Useful algorithm tricks


Found some useful tricks which will be useful during programming contest.

Quickly divide or multiply by 2

Numbers are stored in memory as bits. So bitwise operations are quite fast.

So if you shift all bits to the left, you are multiplying a number by 2:

        cout<<(3 << 1); //6 //shift bits to the left one time
        cout<<(3 << 2); //12

Similarly if you shift bits to the right, you will be dividing them by 2:

        cout<<(12 >> 1); //6

Swap two no without temporary.

Method 1 :

       a = a + b;
       b = a - b;
       a = a - b;

Method 2 :

       a ^= b;
       b ^= a;
       a ^= b;

Loop in C-string:

     char s[100];
     for (int i = 0; s[i]; ++i) { ... }
Quite useful (also avoids the strlen usage, that you could forget is O(n) and put on for                   condition.)

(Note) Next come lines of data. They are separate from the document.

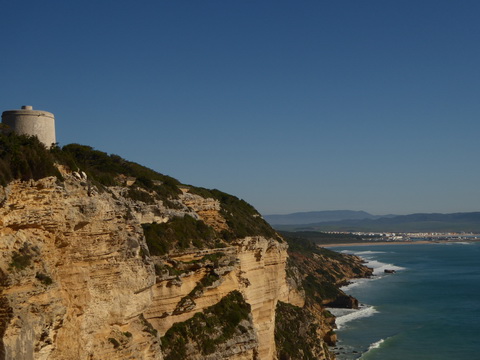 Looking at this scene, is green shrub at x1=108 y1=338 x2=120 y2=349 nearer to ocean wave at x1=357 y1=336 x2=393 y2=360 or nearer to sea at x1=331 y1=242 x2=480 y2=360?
sea at x1=331 y1=242 x2=480 y2=360

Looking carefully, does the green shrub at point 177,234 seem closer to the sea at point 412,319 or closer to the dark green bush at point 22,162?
the dark green bush at point 22,162

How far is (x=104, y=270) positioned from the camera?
53.1ft

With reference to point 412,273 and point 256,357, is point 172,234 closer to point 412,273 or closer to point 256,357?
point 256,357

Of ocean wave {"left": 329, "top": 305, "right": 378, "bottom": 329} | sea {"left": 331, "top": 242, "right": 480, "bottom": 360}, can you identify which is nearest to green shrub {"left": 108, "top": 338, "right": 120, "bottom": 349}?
sea {"left": 331, "top": 242, "right": 480, "bottom": 360}

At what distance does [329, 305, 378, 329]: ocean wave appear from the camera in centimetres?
6288

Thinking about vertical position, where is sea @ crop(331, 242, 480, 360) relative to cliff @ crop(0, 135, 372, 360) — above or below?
below

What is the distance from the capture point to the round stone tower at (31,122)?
1834 centimetres

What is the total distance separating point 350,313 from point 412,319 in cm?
781

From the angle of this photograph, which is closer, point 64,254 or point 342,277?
point 64,254

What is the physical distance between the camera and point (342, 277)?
→ 325 feet

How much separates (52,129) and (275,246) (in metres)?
18.6

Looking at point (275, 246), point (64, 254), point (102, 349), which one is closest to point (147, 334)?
point (102, 349)

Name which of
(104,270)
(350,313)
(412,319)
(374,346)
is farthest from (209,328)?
(350,313)

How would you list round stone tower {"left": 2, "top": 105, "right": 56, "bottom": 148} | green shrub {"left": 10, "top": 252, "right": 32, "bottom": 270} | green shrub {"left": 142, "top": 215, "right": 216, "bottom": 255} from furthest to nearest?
green shrub {"left": 142, "top": 215, "right": 216, "bottom": 255}
round stone tower {"left": 2, "top": 105, "right": 56, "bottom": 148}
green shrub {"left": 10, "top": 252, "right": 32, "bottom": 270} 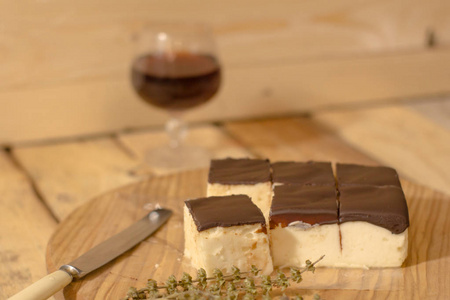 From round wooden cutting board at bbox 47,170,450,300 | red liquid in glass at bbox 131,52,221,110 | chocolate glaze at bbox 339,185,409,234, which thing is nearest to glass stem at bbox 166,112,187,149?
red liquid in glass at bbox 131,52,221,110

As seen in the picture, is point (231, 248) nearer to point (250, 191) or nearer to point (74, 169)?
point (250, 191)

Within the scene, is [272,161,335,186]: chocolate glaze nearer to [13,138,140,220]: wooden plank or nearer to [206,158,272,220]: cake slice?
[206,158,272,220]: cake slice

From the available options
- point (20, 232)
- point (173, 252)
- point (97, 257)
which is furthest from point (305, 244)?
point (20, 232)

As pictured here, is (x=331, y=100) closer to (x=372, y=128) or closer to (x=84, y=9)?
(x=372, y=128)

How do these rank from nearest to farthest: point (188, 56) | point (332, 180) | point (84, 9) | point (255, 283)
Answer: point (255, 283) → point (332, 180) → point (188, 56) → point (84, 9)

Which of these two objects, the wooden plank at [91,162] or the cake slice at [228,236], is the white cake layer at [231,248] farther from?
the wooden plank at [91,162]

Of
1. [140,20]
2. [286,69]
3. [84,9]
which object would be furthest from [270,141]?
[84,9] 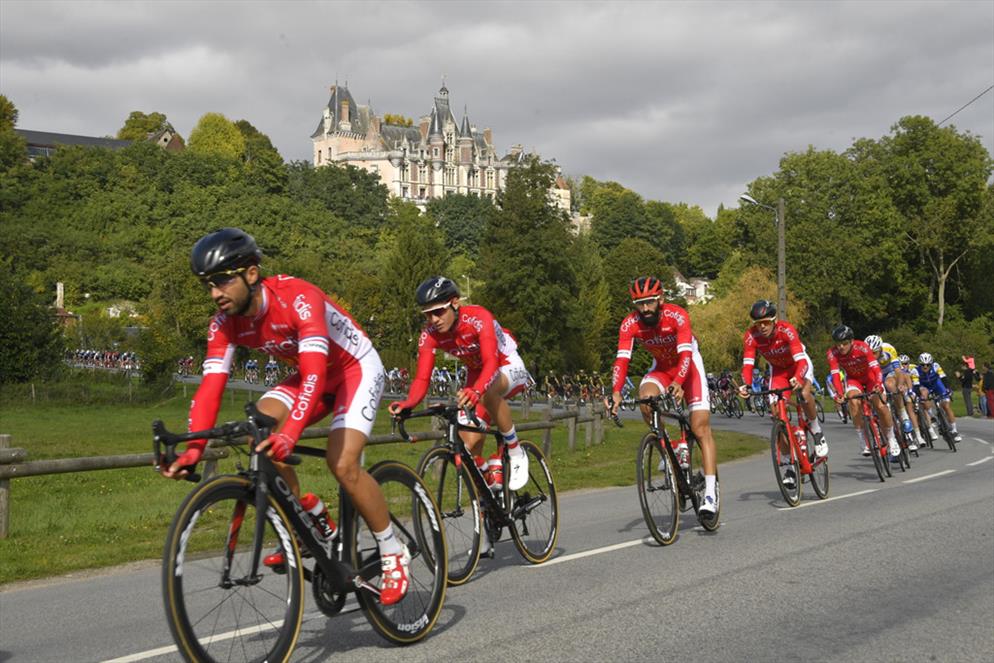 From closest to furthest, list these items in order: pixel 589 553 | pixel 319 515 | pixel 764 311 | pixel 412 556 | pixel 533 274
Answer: pixel 319 515 < pixel 412 556 < pixel 589 553 < pixel 764 311 < pixel 533 274

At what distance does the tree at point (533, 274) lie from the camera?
65188 millimetres

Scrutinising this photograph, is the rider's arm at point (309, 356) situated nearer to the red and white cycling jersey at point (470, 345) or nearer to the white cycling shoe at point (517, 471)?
the red and white cycling jersey at point (470, 345)

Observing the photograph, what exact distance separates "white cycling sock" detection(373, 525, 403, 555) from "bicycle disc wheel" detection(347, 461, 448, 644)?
0.04 meters

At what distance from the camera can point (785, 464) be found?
11.9m

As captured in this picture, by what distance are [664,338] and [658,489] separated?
140cm

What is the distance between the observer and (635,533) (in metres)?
9.98

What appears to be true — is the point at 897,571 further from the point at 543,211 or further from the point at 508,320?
the point at 543,211

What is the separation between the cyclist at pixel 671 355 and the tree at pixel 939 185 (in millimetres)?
75797

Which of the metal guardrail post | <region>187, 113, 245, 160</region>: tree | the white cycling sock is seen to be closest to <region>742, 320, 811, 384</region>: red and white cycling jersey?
the white cycling sock

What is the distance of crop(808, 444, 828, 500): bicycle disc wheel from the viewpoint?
1236 centimetres

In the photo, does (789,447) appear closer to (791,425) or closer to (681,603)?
(791,425)

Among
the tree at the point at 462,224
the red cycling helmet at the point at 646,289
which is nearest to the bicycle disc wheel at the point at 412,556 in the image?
the red cycling helmet at the point at 646,289

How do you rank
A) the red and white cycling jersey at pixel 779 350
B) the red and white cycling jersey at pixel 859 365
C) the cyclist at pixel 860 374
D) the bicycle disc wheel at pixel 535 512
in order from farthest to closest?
the red and white cycling jersey at pixel 859 365
the cyclist at pixel 860 374
the red and white cycling jersey at pixel 779 350
the bicycle disc wheel at pixel 535 512

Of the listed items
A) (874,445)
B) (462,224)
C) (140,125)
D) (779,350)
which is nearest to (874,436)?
(874,445) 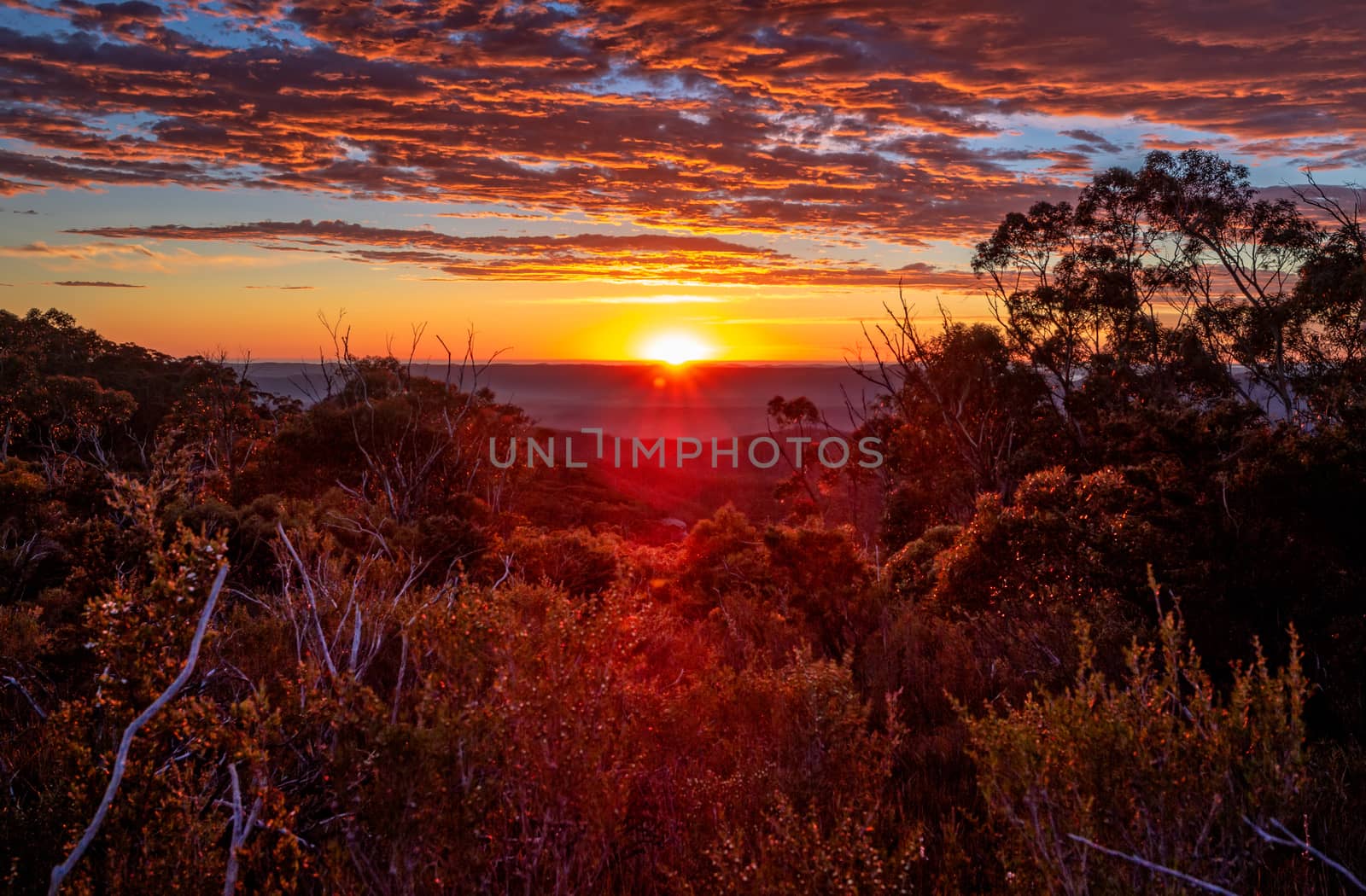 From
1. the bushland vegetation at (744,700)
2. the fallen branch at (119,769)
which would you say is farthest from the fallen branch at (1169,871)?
the fallen branch at (119,769)

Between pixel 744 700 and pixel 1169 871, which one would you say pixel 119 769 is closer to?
pixel 1169 871

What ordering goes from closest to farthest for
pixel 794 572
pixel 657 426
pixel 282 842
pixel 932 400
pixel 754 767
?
pixel 282 842, pixel 754 767, pixel 794 572, pixel 932 400, pixel 657 426

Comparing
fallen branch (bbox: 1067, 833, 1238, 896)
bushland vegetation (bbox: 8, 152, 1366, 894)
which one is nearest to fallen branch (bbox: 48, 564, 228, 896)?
bushland vegetation (bbox: 8, 152, 1366, 894)

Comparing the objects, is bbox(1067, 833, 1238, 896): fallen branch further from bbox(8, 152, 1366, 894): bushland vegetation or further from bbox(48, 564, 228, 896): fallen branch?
bbox(48, 564, 228, 896): fallen branch

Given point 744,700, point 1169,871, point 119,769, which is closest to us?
point 1169,871

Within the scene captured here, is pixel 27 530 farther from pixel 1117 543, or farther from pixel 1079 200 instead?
pixel 1079 200

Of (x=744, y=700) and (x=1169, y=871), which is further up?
(x=1169, y=871)

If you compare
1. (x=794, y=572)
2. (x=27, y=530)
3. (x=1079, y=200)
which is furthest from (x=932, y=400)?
(x=27, y=530)

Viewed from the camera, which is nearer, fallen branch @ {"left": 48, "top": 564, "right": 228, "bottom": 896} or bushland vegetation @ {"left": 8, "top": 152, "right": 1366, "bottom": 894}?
fallen branch @ {"left": 48, "top": 564, "right": 228, "bottom": 896}

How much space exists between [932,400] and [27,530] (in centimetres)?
2201

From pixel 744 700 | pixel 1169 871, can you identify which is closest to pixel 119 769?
pixel 1169 871

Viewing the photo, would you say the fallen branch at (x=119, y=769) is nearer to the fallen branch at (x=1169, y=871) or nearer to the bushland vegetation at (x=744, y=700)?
the bushland vegetation at (x=744, y=700)

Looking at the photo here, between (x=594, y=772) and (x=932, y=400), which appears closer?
(x=594, y=772)

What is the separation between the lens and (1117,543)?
6570 mm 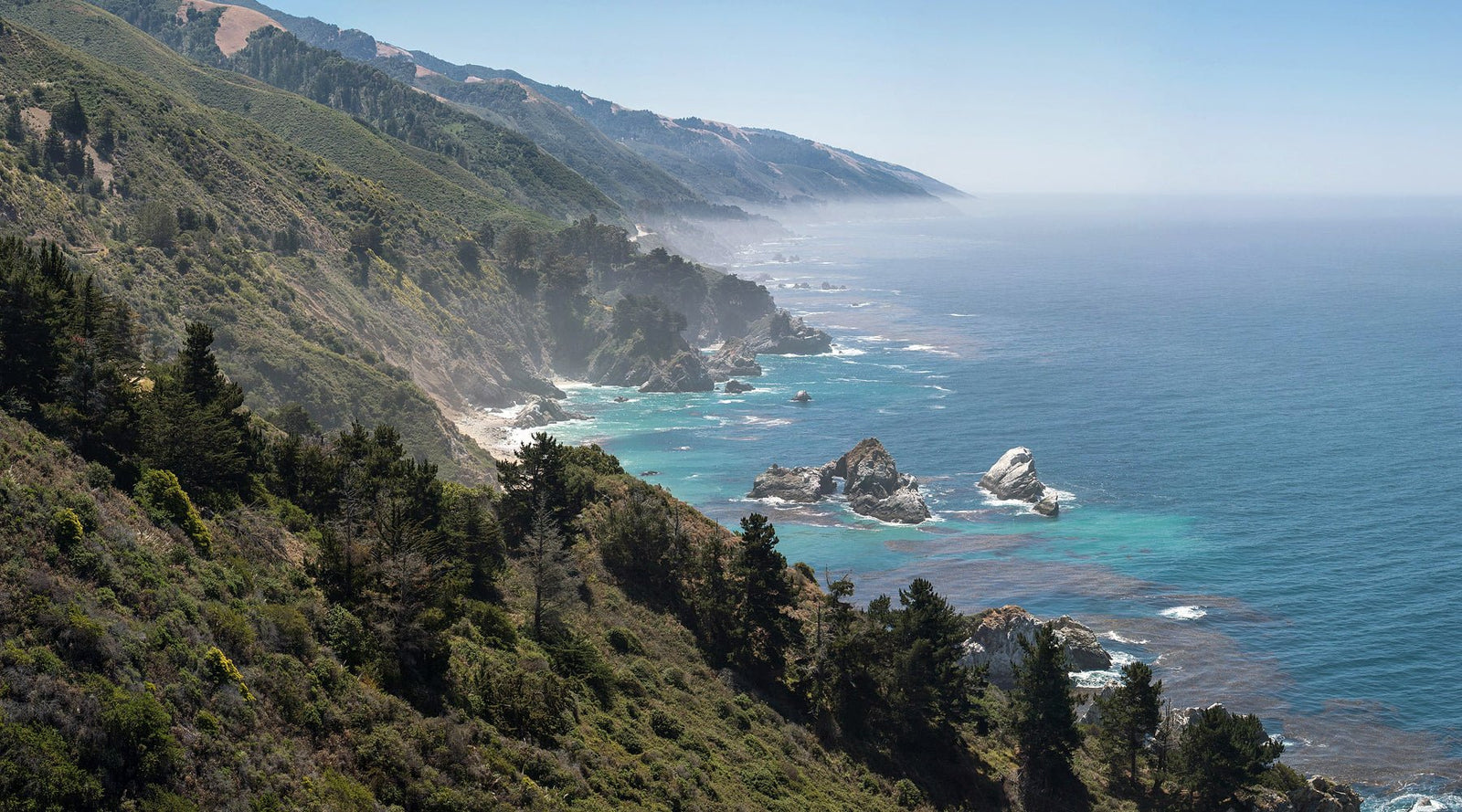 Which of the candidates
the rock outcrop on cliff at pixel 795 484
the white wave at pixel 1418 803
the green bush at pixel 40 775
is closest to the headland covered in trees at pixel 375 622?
the green bush at pixel 40 775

Testing if not negative 1:

       if (~x) { ... }

In competitive programming we look to code fast and try to write as little as possible, so a simple

        x ! = -1 

can be shortened to 2 characters.

Last one:

Finding size of array without sizeof in c and c++

       int main ()
          int arr[100];
          printf ("%d\n", (&arr)[1] - arr);
          return 0;

Source- link text and link text

Help me in adding more of these …


For c++ user

To avoid many #include just write

      #include <bits/stdc++.h>

This will include all standard c++ library including vectors , algorithm etc.

Faster I/O


For faster I/O , which actually disables sync with scanf and printf , increasing speed of I/O. After writing this you cannot use scanf or printf , it will result in compilation error.


Swaps can be performed in another way;
If you have 2 variables a and b, you can swap them by using the following:

a = a + b - (b = a);

Btw, in C++, you can use swap(a, b) to swap to integers a, b.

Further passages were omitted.